No es solo un cambio de fichitas 

Saludos !


----------



## No Te Importa (May 13, 2012)

ok, DOS METROS, muchas gracias, tendre q*UE* ver q*UE* invento para resolver mi problema. Gracias por respondereme aunque haya sido una pregunta quiza sin sentido para muchos


----------



## lubeck (May 17, 2012)

Yo tengo uno de estos y me costo aprox 3usd....











_Buscar en Mercadolibre: MLM-79843097-tarjeta-sonido-usb-51-canales-audio-computadoras-pc-laptop-_JM_

lo compre porque lo uso como generador de funciones y no quemar mi tarjeta de audio, no se a que se refieren con el problema que tienen...


----------



## No Te Importa (May 18, 2012)

no entendi tu explicacion, del mic y la diadema.

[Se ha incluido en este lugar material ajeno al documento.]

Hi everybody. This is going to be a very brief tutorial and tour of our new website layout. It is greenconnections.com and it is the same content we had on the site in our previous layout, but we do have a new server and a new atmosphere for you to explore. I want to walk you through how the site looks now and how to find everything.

Lo q sucede es q mi problema esta en la entrada de mic, se oye un ruido, un tucu tucu, como un motorcito, mi pc es una laptop, estoy a punto de abrirla para ver si es suciedad, aunque no lo creo porque ya lo limpie


----------



## Tacatomon (May 18, 2012)

Puede ser que el cable del mic de tu diadema está dañado. Prueba con otra diadema, con la del vecino... Es muy raro que falle en sí la tarjeta de audio, a menos que experimentaras mucho con ella (Como intentar un osciloscopio para pc por la tarjeta de sonido).

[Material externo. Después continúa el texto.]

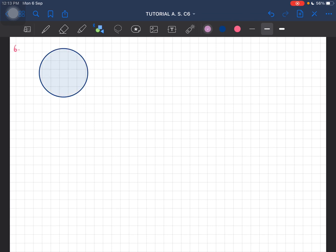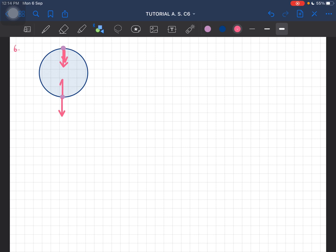We are going to look at both the top and the bottom. This is the top, and this is the bottom. For the vertical circle, when it is at the top, both the weight and the tension will be pointing down. When it's at the bottom, the weight will be pointing down but the tension will be pointing towards the center of the circle. So that is the free body diagram — tension at the bottom, tension at the top, and mg which is the weight. Roman one is done.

Por cierto, si el problema es por el cable, te darás cuenta al mover el cable.

Saludos!


----------



## No Te Importa (May 19, 2012)

mi problema no es en el cable puesto q probe un audifono con mic en otra pc y no se sentia ese ruido, se q el problema esta en mi pc, puesto q el mic esta bueno y el audifono tambien, no se q podira ser el origen del ruido en la grabacion, uso una laptop y ningun adaptador de sonido externo, la entrada del mic va directo a la laptop.

Saludos!!


----------



## Tacatomon (May 19, 2012)

Entonces, trataría de conseguir una sencilla y barata tarjeta de sonido por USB, tal como la que te muestra Lubeck.

Saludos!


----------